Holiday Season Brighter for Pulmonary Hypertension Patient After Surgery

By Cynthia (Cindy) Weiss

Laura Floeckher found help for pulmonary hypertension at Mayo Clinic. The holiday season is much brighter this year for Laura Floeckhler, 45, from Orlando, Florida. Laura was diagnosed last Christmas with pulmonary hypertension, a rare disorder of the lungs affecting about 30 in every one million people.

Laura's symptoms started earlier in 2014, when the mother of three began experiencing shortness of breath. Then her legs and ankles began to swell.

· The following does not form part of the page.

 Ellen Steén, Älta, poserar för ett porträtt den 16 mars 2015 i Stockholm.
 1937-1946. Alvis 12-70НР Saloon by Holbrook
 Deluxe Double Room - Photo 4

As Laura's symptoms worsened, walking became such a struggle that she began filling a cooler with snacks to keep by her bed. "At one point I couldn't walk 10 feet from my bedroom to the kitchen or living room," she says. "Putting on a pair of pants would knock me out for the rest of the day."

On Christmas day 2014, Laura was taken by ambulance to an Orlando community hospital, where she received the diagnosis of pulmonary hypertension. The diagnosis put her on a path to Mayo Clinic and regaining her life.

Difficult to diagnose

Laura was referred to Mayo Clinic's Florida campus, where she met Charles Burger, M.D., director of the Mayo Clinic Center for Pulmonary Hypertension and Vascular Diseases. The center is one of 26 designated centers recognized by the Pulmonary Hypertension Association for its integrative approach to patient care, research and education. With a team of experts, including cardiologists, pulmonologists, interventional radiologists and cardiothoracic surgeons, Mayo is one of the largest centers for treatment of pulmonary hypertension based on patient volumes.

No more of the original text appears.